Arrivée en Suisse en 1992 à l’âge de 19 ans, elle enchaîne les petits boulots, comme celui de femme de chambre dans un hôtel, à Obersaxen, dans les Grisons. Puis elle pose ses valises à Dardagny. Elle n’en repartira plus. Pour son plus grand bonheur. Et pour le nôtre. « J’ai la Suisse dans mon cœur », me confie celle qui est devenue un pilier du village. De serveuse au petit tea-room de La Plaine, elle en deviendra propriétaire : « C’était en 2003 », me raconte Célia, des étoiles plein les yeux. « Cela faisait 4 ans que j’y travaillait, et lorsque j’ai eu l’occasion de le reprendre, je n’ai pas hésité. J’aime cet endroit ! » Cela a-t-il été difficile ? « Pas du tout. Au contraire. J’y avais mes marques, les clients me connaissaient et m’appréciaient. La transition a été très facile. Peu à peu, je me suis approprié les lieux, par petites touches. Et encore maintenant, j’essaie d’améliorer ce qui peut l’être, de le moderniser. »

Cette petite échoppe, une des rares que compte ce petit village proche de la frontière, propose du pain frais et des pâtisseries six jours sur sept. Elle fait aussi office d’épicerie, avec des produits de première nécessité, mais également du terroir, comme les œufs provenant de la Ferme du Lignon, ou le lait en arrivage direct des Laiteries Réunies de Genève. Le choix de vins de la région – et dieu sait s’ils sont bons – est également important. Et il y a le tea-room. Deux tables en terrasse, cinq à l’intérieur, ce n’est pas immense, mais l’espace est suffisant pour que chacun y trouve sa place.
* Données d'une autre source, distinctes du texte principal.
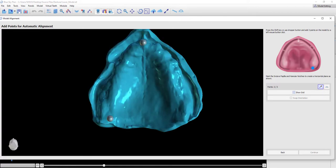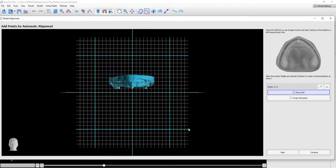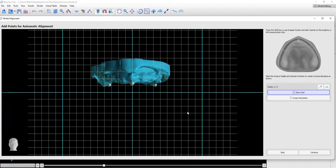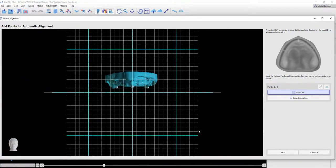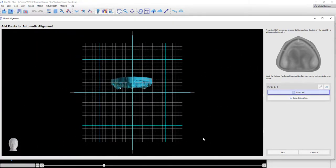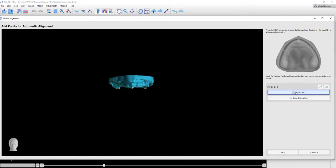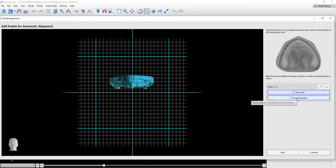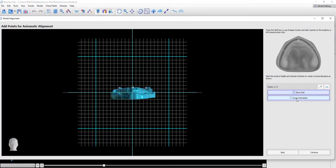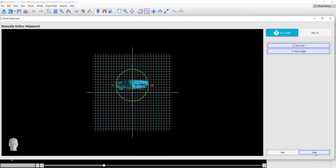We are marking the dots simply by holding down the Shift key and left-clicking. As soon as three dots are marked, the software automatically orients the model properly in space. We have the option of showing or hiding the grid. And if we wanted to invert the model, we can simply click Swap Orientation. Continue.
Mais la grande force de cet endroit, c’est bien sa patronne elle-même, d’une bonne humeur franchement communicative. Toujours souriante, pleine de joie de vivre et connaissant chacun de ses clients par son prénom, elle a réussi à créer autour d’elle une véritable communauté qui se retrouve et se croise au fil de la journée. « C’est assez petit ici », m’explique Celia. « Il y a peu de tables et souvent, des gens qui ne se connaissent pas s’y retrouvent assis ensemble. Ils font connaissance et cela crée des liens, c’est parfois magique. » En effet, à l’intérieur, l’espace est compté. Mais l’ensemble est décoré avec goût et dégage une chaleur conviviale.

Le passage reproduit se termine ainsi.